The ambition might indeed be the entire human genome of 3 billion base pairs, but even being able to manufacture synthetic strands with 10,000 base pairs with several genes would be of immense value.
Issues that still need to be considered
At this point there are huge issues now on the table.
- The ethical topic of even the very possibility of completely synthetic humans begins to arise. The paper in Science asks questions and does not really grapple with them.
- Ownership. Nobody owns an existing human genome, and so anything made available from the previous Human Genome Project (HGP) that simply read it was agreed to belong to everybody and owned by all of us. Ah but what then happens to a completely synthetic genome, who would own that?

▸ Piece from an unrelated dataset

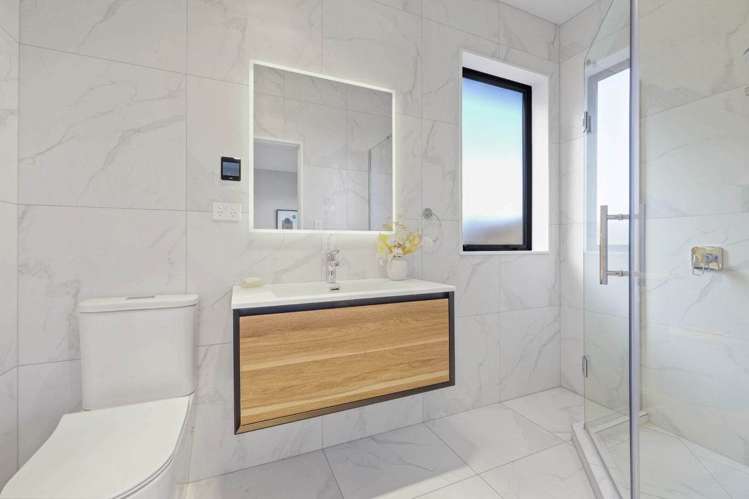 27 Surf View Crescent Red Beach_10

- Funding. They want an initial $100 million to get this going. The US national Institute of Health does not think that now is the right time for a project such as this, so they will not be contributing.
This is simply a beginning, and so we still have many steps to take, not just the practical ones but also the ethical and philosophical ones, before we come to a point where completely synthetic humans becomes a reality. It does however now cease to be pure science fiction and so there is much, both ethically and also practically, that needs to be thought through before we get there, A good place to start might perhaps be proposals for safety standards.